Nationalgeographic.co.id— Saya menggemari perjalanan ke kota-kota pusaka di Indonesia. Saya beruntung memiliki kesempatan untuk menapaki puing-puing benteng yang diduga kota kolonial pertama di negeri ini: Fort São João Baptista.
Pertahanan pertama milik Portugal di Ternate itu diprakarsai oleh Antonio de Brito pada 1522. Pembangunan bertahap telah mewujudkan barak, kapel, sekolah, permukiman, dan menara-menara ala kastel di Eropa. Dinding luarnya lebih besar ketimbang Benteng Malaka, dan dikelilingi parit.
Hampir seabad kemudian, muncul kota bernuansa Eropa di pesisir utara Jawa yang dibangun di atas puing-puing Kota Jayakarta di Muara Ciliwung. Batavia, rupa kota itu merupakan jawaban atas tantangan yang dihadapinya pada 400 tahun silam: berbenteng, bertembok kota, dan permukiman bersabuk kanal.

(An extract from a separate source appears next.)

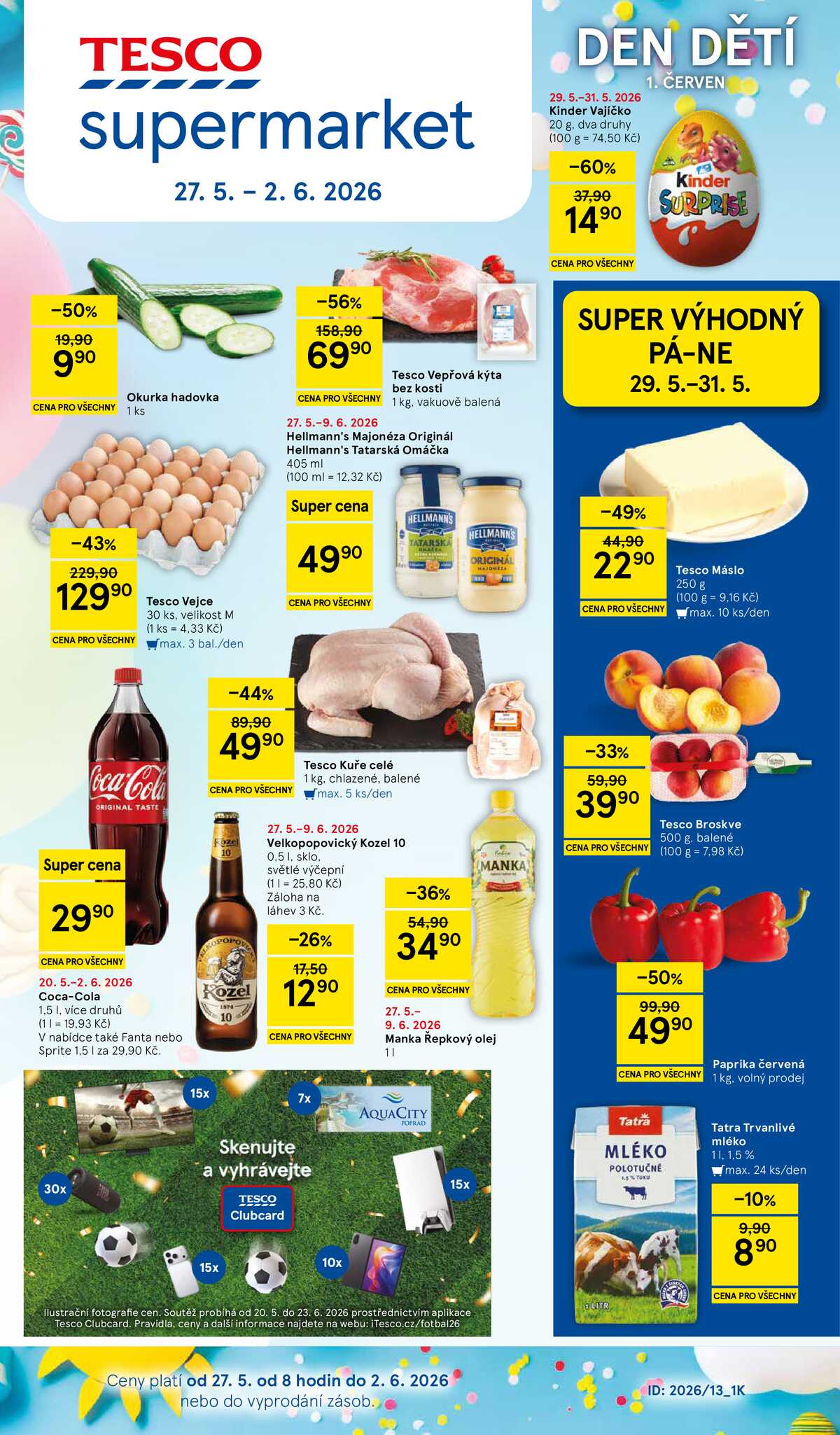 Tesco supermarkety od 27.5. do 2.6.2026 strana 1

Penyebutan sepetak kawasan di Muara Ciliwung ini memiliki sejarah panjang tentang dinamika penyebutan sebuah kota. Pada masa Kerajaan Pajajaran, kota pelabuhan ini dijuluki Sunda Kelapa. Setelah ditaklukkan Kesultanan Banten, ia berganti nama menjadi Jayakarta (atau Jacatra dalam penyebutan dokumen Eropa). Berikutnya, Batavia menggantikan Jayakarta setelah penaklukkan Belanda. Terakhir, sejak pendudukan Jepang pada 1942, kota ini bernama Jakarta—sampai sekarang.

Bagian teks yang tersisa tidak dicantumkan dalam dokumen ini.